L’application analyse chaque photo qu’un enfant prend ou reçoit à l’aide d’un algorithme de reconnaissance d’image. Si de la nudité est détectée, il envoie une notification aux parents en les informant sans stocker ni divulguer l’image.

“Toute la surveillance se fait sans que nous ayons accès aux images et nous ne sommes pas en mesure de fournir au parent l’image en question”, indique la société sur son site Internet.
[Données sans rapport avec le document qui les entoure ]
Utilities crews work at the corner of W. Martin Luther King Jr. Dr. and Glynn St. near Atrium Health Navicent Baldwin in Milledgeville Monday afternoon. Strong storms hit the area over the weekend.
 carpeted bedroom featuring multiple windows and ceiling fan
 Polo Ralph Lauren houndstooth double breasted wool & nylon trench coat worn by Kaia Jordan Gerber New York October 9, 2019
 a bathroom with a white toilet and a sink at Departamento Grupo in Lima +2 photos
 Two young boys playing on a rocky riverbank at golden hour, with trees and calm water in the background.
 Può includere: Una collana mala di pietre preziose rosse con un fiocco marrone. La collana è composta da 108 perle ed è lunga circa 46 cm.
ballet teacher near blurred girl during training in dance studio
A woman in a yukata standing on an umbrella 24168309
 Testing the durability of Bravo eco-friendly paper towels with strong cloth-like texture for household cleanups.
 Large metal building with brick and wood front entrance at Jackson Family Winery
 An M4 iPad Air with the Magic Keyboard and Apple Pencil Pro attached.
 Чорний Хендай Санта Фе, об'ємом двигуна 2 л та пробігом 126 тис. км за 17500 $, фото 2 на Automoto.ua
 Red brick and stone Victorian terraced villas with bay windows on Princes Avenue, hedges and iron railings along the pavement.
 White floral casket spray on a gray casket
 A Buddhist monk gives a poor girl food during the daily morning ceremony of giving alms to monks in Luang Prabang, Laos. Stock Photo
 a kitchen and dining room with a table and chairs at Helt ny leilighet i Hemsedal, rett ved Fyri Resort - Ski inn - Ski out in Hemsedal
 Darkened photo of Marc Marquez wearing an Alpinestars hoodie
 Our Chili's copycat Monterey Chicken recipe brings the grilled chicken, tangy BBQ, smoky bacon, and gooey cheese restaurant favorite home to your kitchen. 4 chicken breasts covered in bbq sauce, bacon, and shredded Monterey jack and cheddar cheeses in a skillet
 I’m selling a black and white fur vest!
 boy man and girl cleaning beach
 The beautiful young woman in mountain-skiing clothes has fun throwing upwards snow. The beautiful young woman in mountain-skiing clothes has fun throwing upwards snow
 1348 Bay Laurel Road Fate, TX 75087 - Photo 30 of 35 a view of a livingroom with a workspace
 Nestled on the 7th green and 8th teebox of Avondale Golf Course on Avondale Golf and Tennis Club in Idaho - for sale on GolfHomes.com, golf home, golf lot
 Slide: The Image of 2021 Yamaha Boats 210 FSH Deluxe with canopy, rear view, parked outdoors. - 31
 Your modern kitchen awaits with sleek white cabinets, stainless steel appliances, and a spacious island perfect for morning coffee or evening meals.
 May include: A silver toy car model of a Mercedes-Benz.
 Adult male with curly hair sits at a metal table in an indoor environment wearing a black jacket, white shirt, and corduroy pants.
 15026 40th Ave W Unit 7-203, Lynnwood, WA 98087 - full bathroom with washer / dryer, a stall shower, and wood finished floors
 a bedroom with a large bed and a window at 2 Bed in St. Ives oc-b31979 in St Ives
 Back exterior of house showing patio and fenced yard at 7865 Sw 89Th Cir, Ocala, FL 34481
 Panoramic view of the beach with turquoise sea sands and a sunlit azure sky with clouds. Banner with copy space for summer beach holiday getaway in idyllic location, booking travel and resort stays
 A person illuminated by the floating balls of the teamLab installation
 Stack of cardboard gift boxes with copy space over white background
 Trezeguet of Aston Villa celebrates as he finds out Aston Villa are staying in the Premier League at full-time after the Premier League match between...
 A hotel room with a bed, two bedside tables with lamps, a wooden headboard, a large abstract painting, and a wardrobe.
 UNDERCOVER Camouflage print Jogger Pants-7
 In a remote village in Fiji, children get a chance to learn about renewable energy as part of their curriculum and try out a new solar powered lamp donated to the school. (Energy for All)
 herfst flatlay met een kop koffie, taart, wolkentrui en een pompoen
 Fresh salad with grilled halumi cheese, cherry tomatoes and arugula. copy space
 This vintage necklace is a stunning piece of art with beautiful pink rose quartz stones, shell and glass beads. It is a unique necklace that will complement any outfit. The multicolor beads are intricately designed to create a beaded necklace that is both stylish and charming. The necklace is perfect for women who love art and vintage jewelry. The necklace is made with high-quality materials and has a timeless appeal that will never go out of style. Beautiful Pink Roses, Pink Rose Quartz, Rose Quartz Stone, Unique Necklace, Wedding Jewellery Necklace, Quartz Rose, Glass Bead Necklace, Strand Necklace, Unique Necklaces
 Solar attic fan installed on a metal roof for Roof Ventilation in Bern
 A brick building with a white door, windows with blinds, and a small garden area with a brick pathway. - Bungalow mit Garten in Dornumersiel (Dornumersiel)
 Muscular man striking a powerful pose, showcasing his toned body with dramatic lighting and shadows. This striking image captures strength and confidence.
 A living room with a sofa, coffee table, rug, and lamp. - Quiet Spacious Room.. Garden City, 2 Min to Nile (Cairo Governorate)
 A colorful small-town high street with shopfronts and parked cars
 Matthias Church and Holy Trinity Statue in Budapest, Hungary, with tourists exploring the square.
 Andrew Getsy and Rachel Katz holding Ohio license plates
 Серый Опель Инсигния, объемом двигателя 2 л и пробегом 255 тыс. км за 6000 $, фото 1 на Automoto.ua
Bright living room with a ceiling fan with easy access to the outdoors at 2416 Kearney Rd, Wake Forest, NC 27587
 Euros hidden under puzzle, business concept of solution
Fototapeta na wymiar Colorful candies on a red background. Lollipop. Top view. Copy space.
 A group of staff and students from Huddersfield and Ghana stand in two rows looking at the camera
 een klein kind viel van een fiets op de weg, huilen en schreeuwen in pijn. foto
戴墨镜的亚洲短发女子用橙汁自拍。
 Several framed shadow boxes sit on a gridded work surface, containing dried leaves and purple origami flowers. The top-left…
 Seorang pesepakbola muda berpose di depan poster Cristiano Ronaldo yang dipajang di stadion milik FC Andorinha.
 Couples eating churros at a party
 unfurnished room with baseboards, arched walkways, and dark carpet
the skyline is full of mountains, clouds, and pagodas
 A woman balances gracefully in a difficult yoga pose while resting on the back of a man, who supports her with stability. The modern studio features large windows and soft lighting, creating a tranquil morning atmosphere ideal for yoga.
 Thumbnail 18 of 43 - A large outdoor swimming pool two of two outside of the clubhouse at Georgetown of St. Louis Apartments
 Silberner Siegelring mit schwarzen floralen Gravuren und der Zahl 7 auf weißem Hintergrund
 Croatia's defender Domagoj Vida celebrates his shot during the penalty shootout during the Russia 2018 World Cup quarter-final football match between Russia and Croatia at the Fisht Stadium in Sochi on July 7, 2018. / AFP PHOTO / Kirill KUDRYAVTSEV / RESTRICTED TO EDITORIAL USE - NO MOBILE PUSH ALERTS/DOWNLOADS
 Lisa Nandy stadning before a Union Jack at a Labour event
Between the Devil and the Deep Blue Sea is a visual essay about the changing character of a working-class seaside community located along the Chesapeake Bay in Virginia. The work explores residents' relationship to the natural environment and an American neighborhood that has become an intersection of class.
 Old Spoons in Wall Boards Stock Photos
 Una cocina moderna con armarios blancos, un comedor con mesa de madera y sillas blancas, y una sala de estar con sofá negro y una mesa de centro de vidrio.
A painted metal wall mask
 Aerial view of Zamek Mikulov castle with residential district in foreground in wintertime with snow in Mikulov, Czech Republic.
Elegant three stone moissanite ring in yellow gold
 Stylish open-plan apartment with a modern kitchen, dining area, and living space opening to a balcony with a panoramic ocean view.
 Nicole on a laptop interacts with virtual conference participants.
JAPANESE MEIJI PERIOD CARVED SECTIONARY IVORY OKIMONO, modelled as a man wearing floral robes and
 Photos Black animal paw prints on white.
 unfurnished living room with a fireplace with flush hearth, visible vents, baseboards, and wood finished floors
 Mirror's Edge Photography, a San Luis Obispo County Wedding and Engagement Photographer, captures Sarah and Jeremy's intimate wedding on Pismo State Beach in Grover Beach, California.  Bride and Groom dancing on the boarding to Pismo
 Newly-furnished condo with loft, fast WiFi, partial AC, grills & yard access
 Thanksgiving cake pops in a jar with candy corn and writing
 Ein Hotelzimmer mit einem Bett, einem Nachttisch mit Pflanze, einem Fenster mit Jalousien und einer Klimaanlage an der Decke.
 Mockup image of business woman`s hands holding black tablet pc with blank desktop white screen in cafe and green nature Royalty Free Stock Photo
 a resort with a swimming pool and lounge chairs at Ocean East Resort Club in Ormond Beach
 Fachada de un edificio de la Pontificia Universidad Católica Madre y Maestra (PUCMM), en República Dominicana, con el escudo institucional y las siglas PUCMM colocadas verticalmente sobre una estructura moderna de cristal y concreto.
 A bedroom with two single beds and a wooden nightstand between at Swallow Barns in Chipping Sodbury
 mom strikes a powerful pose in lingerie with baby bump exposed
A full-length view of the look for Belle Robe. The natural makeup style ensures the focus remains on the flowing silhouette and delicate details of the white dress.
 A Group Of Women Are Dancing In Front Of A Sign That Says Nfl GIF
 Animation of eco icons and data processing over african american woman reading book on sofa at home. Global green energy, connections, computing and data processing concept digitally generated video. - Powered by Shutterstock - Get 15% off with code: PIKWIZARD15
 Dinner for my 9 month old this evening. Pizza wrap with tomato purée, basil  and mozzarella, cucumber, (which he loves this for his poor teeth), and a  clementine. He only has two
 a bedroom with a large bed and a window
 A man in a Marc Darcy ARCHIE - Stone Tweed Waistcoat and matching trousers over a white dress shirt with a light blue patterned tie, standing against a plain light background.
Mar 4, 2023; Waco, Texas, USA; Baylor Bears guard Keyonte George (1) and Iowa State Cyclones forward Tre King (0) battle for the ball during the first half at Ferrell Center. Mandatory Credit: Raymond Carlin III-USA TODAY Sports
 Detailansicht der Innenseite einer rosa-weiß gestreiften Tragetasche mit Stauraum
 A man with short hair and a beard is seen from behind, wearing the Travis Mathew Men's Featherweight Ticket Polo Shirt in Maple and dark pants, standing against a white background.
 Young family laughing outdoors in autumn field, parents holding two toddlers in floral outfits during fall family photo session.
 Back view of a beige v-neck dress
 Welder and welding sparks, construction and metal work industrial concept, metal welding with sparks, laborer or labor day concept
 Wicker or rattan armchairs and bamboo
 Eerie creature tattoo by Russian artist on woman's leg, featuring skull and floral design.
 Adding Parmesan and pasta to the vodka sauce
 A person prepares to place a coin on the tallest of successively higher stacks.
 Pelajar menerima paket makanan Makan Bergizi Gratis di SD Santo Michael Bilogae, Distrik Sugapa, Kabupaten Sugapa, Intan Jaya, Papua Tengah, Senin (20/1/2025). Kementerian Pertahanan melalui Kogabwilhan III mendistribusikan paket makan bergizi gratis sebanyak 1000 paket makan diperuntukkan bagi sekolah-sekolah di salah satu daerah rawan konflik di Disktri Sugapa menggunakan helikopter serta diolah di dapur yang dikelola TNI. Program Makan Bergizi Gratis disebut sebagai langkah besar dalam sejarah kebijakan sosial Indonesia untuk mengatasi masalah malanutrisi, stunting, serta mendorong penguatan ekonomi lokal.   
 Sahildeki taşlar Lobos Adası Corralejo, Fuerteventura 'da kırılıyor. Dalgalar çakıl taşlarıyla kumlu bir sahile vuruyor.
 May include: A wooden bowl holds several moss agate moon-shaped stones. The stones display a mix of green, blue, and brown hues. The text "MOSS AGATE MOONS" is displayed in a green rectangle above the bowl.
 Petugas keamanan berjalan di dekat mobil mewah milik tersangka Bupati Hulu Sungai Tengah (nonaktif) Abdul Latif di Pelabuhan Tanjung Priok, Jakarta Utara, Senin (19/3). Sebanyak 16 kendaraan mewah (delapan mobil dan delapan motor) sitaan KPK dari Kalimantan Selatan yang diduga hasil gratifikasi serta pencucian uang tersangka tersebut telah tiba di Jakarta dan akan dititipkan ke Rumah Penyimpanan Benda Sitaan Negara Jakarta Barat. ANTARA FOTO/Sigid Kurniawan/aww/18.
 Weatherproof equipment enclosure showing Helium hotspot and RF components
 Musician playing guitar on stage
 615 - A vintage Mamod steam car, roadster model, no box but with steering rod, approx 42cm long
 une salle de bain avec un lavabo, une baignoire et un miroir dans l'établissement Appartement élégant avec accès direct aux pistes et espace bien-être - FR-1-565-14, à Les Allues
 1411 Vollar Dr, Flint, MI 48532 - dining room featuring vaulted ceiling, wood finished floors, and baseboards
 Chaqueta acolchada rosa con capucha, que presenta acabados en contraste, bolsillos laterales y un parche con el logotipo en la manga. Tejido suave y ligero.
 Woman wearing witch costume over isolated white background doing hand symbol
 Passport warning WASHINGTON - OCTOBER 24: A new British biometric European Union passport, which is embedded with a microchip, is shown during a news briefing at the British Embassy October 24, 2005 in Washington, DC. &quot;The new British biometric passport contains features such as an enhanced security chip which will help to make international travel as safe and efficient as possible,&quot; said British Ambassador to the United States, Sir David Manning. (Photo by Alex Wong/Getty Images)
Le logiciel est développé par YIPO Technologies. Les parents intéressés doivent s’inscrire sur une liste d’attente et ils sauront quand elle sera prête à être téléchargée.

“Gallery Guardian examine toutes les images actuelles et futures sur l’appareil de votre enfant et vous en informe en temps réel”, indique la société. Mais pour en profiter, les parents devront à la fois télécharger l’application eux-mêmes et obliger leur enfant à faire de même.

Il y a aussi des problèmes plus urgents avec la nouvelle technologie, car il y a des questions sur son exactitude. La BBC a testé l’application avec 20 images sexuellement explicites.

« Douze ont été immédiatement détectés », ont-ils rapporté. “Mais huit ont été manqués.” Être accusé d’avoir envoyé des nus si vous n’étiez qu’un enfant innocent serait une sacrée merde.

Ce serait de se faire prendre en train de voler le whisky de vos parents et de le remplir d’eau pour tenter de masquer l’acte. Le test a également eu un faux positif (c’était une photo normale de certains enfants jouant sur une plage) qui montre que la nouvelle technologie est actuellement loin d’être parfaite.

Le sexting parmi les mineurs est-il vraiment un problème si grave que les parents doivent utiliser une application pour espionner indirectement la vie privée de leur enfant ?

Selon Childline, oui. L’année dernière, Childline a rapporté que le nombre d’enfants conseillés en raison de problèmes liés au sextage a augmenté de 15% – pour atteindre près de 1 400. De nouvelles statistiques, fournies au Times en vertu de la Freedom of Information Act, ont révélé que 25 forces de police avaient enquêté sur près de 3 500 cas impliquant des sextos parmi des moins de 18 ans sur une période de quatre ans. Mais ils n’ont inculpé que 51 suspects.

La police de Humberside, dans le Yorkshire, est devenue si préoccupée par le problème qu’en avril, elle s’est sentie obligée de donner des conseils aux parents. “Nous exhortons les parents à parler à leurs enfants des dangers du sextage”, ont-ils déclaré. “Comme cela pourrait conduire à la gêne, au chantage ou même à un casier judiciaire.”

“J’ai réalisé à quel point des enfants aussi jeunes que huit ans partageaient ces images inappropriées”, a déclaré au Daily Mail le fondateur de la nouvelle application, le Londonien de 50 ans Daniel Skowronski. “Cette application apporte aux parents la tranquillité d’esprit qu’il existe une technologie qui fonctionne pour eux et regarde tout ce que fait leur enfant.”

Bien que certaines personnes puissent soutenir que les enfants devraient avoir la possibilité d’explorer leurs propres relations, vous ne pouvez pas reprocher aux parents de vouloir protéger leurs enfants. Et avec ainsi

de nombreux mineurs de moins de 18 ans étant victimes d’intimidation et de chantage à la suite de sextos, il est difficile de contester le sentiment de Gallery Guardian.